Non-dischargeable debts are those which have not been "discharged". Your legal obligation to pay the debt, and the creditor's right to force you to pay the debt both remain even after the bankruptcy case is over. The debts which Congress has chosen to make non-dischargeable reflects policy decisions and, in many cases, the efforts of lobbyists. There are more than 20 different categories of non-dischargeable debts. Here is a partial list of those which are most common:
* Most, but not all taxes
* Child, spousal and family support debts
* Non-support debts which are related to a divorce or separation
* Most, but not all student loans
* Damages caused by driving, flying or boating under the influence
* Debts related to false statements (such as loan applications) or fraud
* Damages caused by intentional injuries
* Stolen money held in trust
If you want to keep, or reaffirm, certain debts, your request must be reviewed and approved by the Bankruptcy Court. The 2005 changes to the bankruptcy laws may make your lawyer responsible for the payment of any debts which you want to reaffirm. The Courts have not yet had a chance to decide whether this is a real risk to your attorney. Because of the risk, however, the lawyers in our office will NOT help you with the reaffirmation process. Don't worry. If you want to reaffirm a debt, the creditor involved will be only too happy to help guide you through the process.

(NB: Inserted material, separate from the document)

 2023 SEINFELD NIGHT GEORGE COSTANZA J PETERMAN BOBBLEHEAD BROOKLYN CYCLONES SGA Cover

The last category is secured debts. These are debts such as mortgages, car loans, furniture loans and others which are related to certain specifically identified property. Technically, Chapter 7 bankruptcy does make the debts go away, but Chapter 7 does not eliminate the creditor's right to take the specific property away from you. If you don't continue to pay the mortgage, the lender will foreclose and take the property. If you don't continue to pay the car loan, the lender will repossess the car. The same is true for other secured debts. As a practical matter, if you want to keep the property, you have to continue paying the debt - even though the debt was discharged, or eliminated in the Chapter 7 bankruptcy case.
Part of the bankruptcy law takes away the right to eliminate any debt in some situations. People who do not provide the Bankruptcy Court with full and complete information are not allowed to discharge their debts. People who have not kept reasonable financial records are not allowed to discharge their debts. People who do not cooperate with the Bankruptcy Court or the Bankruptcy Trustee are not allowed to discharge their debts. People who try to hide their property before filing bankruptcy are not allowed to discharge their debts. These rules can be complicated, but good legal advice can help you avoid these problems.
Rule No. 2. Loss of property
People who file bankruptcy generally get to keep three kinds of property:
* Exempt property - usually determined by State law
* Fully mortgaged or over-mortgaged property; and
* Property that has no value or cannot be sold
Even though you may get to keep certain property in Chapter 7 bankruptcy, this property cannot be sold during the Chapter 7 case without special permission. You need an attorney to help you get this permission.
Exempt property is property which a debtor is allowed to keep. In most cases, this is the same property which someone could keep if they were sued in State Court outside of bankruptcy so the exemptions are usually set by State law. Each State has different rules and for States that don't, the bankruptcy law also has its own rules. Some States, like California, have two different sets of exemption laws and the debtor can choose the exemption plan that works best. Getting a lawyer to help you choose the right list of exemptions is important.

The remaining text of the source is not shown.